Weekly Head Voices #85: Gone south.

From now on I’m going to try a more fluid weekly blogging schedule. My approach up to now was to try and write up the weekly right after the weekend, at which time,however, I’m usually caught up in the usual start-of-the-week storm of, uhm, possibilities, and hence let the blog writing slip, and once you start slipping it’s a challenge to stop. So now, instead of focusing on the when (the failed after the weekend) I’m going to focus on the how often. Maybe this works better.

This past weekend, we visited Cape Point, the almost-southernmost tip of Africa, and the spot where the Atlantic Ocean and the Indian Ocean crash together for a part of the year. It’s quite beautiful, and always great to have visitors that we can take there. I took this photo of the Cape of Good Hope from the Cape Point side:

Emacs nerdery.

My first significant Emacs Lisp hacking was first blogged by Sacha Chua (Emacs goddess!) and then accepted into the org2blog upstream repository. Nerd-adrenaline-rush!

On this topic, I also published deft-turbo, my fork of the original Deft to support recursive directory searching and now also multiple file types. If you’re into Notational Velocity style note-taking and into Emacs you’ll love this.

I now use Emacs Org mode for my daily note-taking, for blogging (this post is being written in Org mode in Emacs) and since yesterday also for generating beautiful presentation slides using the fantastic org-reveal. (As you might recall, I also use Emacs with mu4e as my email client.)

It’s crazy to think that GNU Emacs was first released in March of 1985, which makes it almost 30 years old, which is practically immortal in software terms, and yet it’s still the most powerful text editor in the world today.

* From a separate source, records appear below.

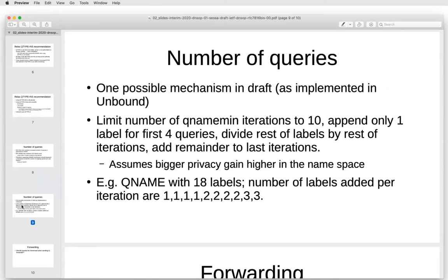There are many ways to limit the number of outgoing queries. One way described in the draft is how it's done for Unbound: we limit the number of QNAME minimization iterations by a certain number and divide the labels by this number. We make an exception for the first four queries because we expect the delegations are for a small number of labels higher up in the DNS hierarchy, so we have more privacy gain there. Next slide, please.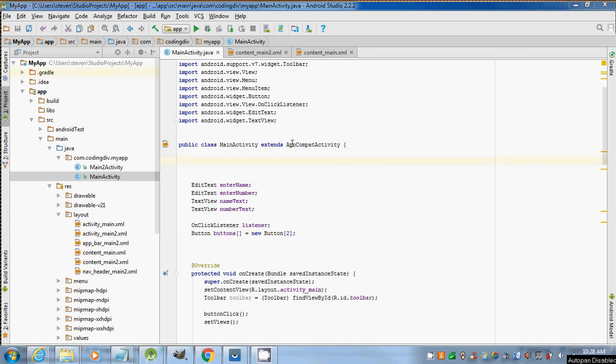Urban Programmer here back with another video. In this video I will be showing you how to use shared preferences in Android Studio.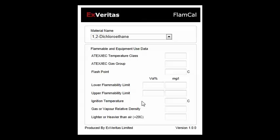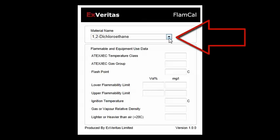Hi, this is Sean Clark from EX Veritas. I'm just going to quickly walk you through our application FlamCal. FlamCal is a simple application which is just designed to give you data, give you information of different types of gas so that you can use that in your equipment selection or area classification.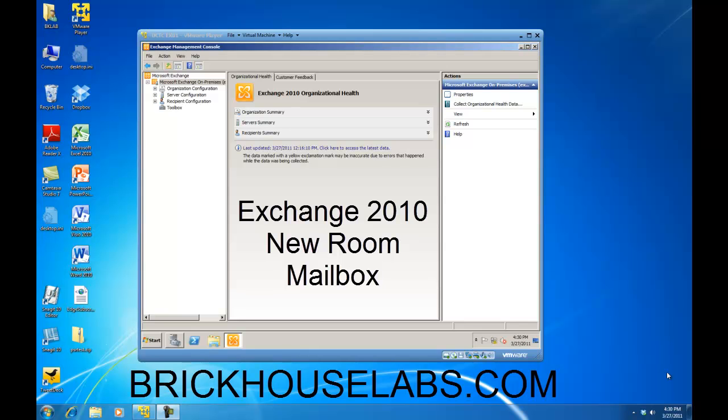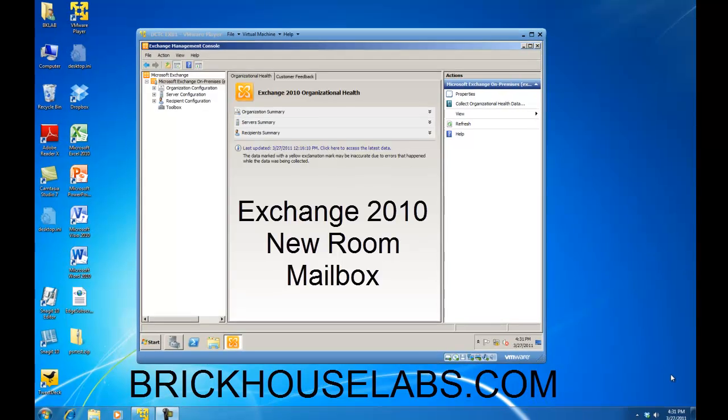Hello. In this presentation, I am going to show you how to create an Exchange 2010 Room Mailbox, which comes in handy for organizations that have things like conference rooms, where your end users are able to go in and schedule the resource for their meeting.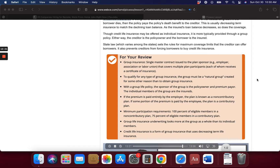For your review: Group insurance involves a single master contract issued to the plan sponsor — for example, an employer, association, or labor union — that covers multiple plan participants, each of whom receives a certificate of insurance. To qualify for any type of group insurance, the group must be a natural group created for some reason other than to obtain group insurance. With a group life policy, the sponsor is the policy owner and premium payer; the individual members are the insureds. Non-contributory plans are paid entirely by the employer; contributory plans involve some premium payment by the employee. Minimum participation requirements are 100% for non-contributory plans and 75% for contributory plans. Group life insurance underwriting looks at the group as a whole rather than its individual members. Credit life insurance is a form of group insurance that uses decreasing term life insurance.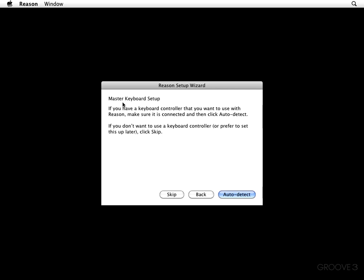And now we're going to see a master keyboard setup. It says if you have a keyboard controller that you want to use with Reason, make sure that you connect it and then click Auto Detect. Now, if you don't want to use a keyboard controller or you prefer to set it up later, just click Skip, which is right here. I have got my keyboard hooked up to my Mac already, so I'm going to go ahead and hit Auto Detect.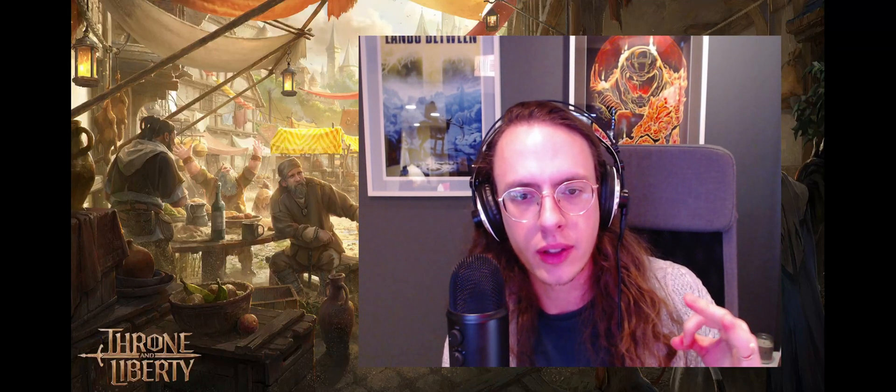Hey everybody, this is my Throne and Liberty setup guide if you want to play the game on the South Korea servers before the worldwide release.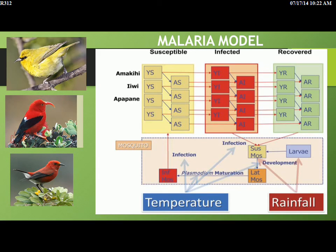The model is driven by how the system works and our quantified knowledge of different relationships. The key link to climate is that temperature affects many components: the mosquito development cycle, the Plasmodium maturation rate, and the actual infection rate. Rainfall also has implications for both adult and larval mosquitoes. That's the key link between climate change and the model. It's a pretty good model, but obviously it's going to have limitations.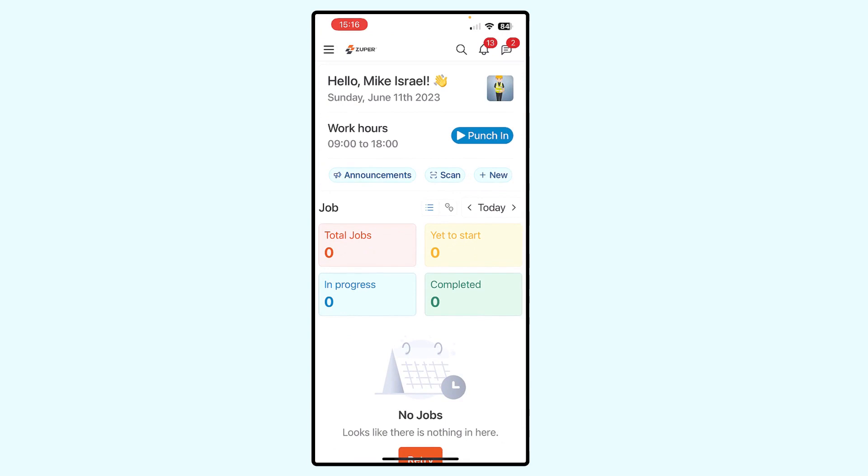So I'm already logged into Zooper, as you can see, and I'm looking at the dashboard screen, which we've seen in previous videos. Now this is Sunday, so I don't have any jobs assigned to me. That's why you're seeing zero total jobs, zero yet to start, etc.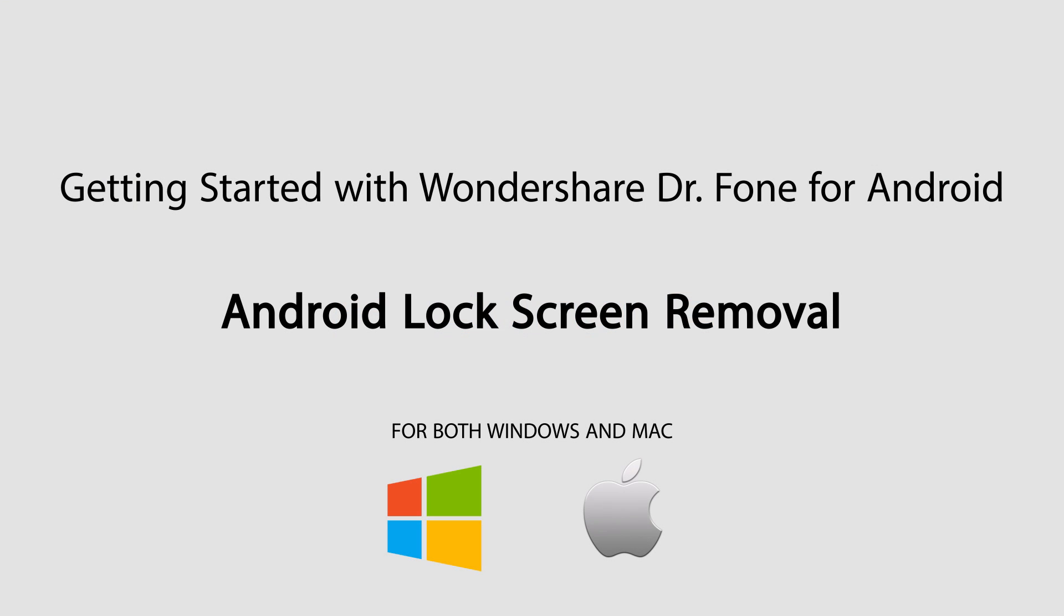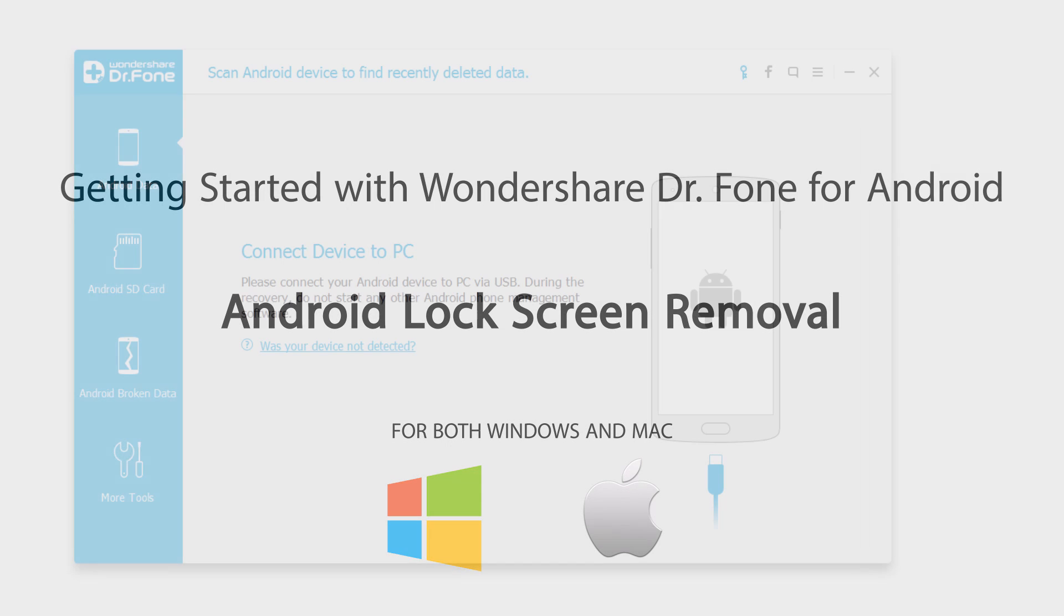Hello everyone, in this video I'll be showing you how to use the Android lock screen removal feature inside of Wondershare Dr.Phone for Android.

Finally: The cracked phone screen.

After a great number of years using smartphones without covers of any kind (they’re so beautifully designed, why cover that up?) I finally dropped my Nexus 4 from about a metre height because a WhatsApp message arrived and I thought that I could easily fumble my digital friend out of my pocket whilst typing with my other hand.

Apparently I couldn’t.

The screen acquired an impressive new crack, and the digitizer is completely dead. I’m having it repaired, because it’s still a great phone, and Android 5.0 (Lollipop) is being pushed to Nexi 4 worldwide as we speak! (Fortunately I could factory reset the phone using only the hardware buttons.)

In the meantime, I’m using a backup Motorola Atrix 4G. Thanks to Android and much open source hackage, I was able to install Android 4.4.4 (KitKat) on it, in spite of it being a 2011 phone that was practically abandoned by Motorola at the Android 2.3 (Gingerbread) stage.

The end.

If you run into me in CYBERSPACE, and I’m late with a blog post, I give you permission to badger me about it.

Have a great half-week and weekend kids!